■ WHAT TO DO:
Your task is to copy each line of the material below that includes "Baby".

■ PROVIDED MATERIAL:
◇ ◇ ◇ ◇ ◇
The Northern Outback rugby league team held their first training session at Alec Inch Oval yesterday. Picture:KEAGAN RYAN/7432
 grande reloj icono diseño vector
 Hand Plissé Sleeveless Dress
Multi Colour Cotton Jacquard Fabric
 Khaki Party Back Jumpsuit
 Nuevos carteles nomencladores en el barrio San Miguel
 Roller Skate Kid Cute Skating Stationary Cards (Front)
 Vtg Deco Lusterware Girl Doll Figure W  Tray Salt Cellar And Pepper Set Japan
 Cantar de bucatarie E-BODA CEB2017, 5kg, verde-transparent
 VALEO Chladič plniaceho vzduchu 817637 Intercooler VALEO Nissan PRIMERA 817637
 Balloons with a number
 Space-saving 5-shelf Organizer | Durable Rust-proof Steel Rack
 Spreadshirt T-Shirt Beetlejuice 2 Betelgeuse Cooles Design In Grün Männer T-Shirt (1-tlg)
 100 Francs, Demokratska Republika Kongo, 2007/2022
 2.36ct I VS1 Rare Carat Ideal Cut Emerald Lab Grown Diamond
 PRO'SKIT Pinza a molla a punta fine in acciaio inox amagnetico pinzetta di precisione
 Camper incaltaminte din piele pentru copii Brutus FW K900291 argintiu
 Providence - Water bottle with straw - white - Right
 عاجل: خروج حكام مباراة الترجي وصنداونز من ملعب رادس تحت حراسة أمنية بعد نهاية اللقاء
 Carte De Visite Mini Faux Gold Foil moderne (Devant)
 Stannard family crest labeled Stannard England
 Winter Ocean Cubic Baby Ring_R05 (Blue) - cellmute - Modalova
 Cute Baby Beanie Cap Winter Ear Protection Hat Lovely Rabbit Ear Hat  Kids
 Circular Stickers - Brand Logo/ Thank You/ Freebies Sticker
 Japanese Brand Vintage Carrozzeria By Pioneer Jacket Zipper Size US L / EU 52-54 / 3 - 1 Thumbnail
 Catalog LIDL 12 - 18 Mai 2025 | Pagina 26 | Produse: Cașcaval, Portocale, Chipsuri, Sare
◇ ◇ ◇ ◇ ◇
■ SOLVED PROBLEM:
 Winter Ocean Cubic Baby Ring_R05 (Blue) - cellmute - Modalova
 Cute Baby Beanie Cap Winter Ear Protection Hat Lovely Rabbit Ear Hat  Kids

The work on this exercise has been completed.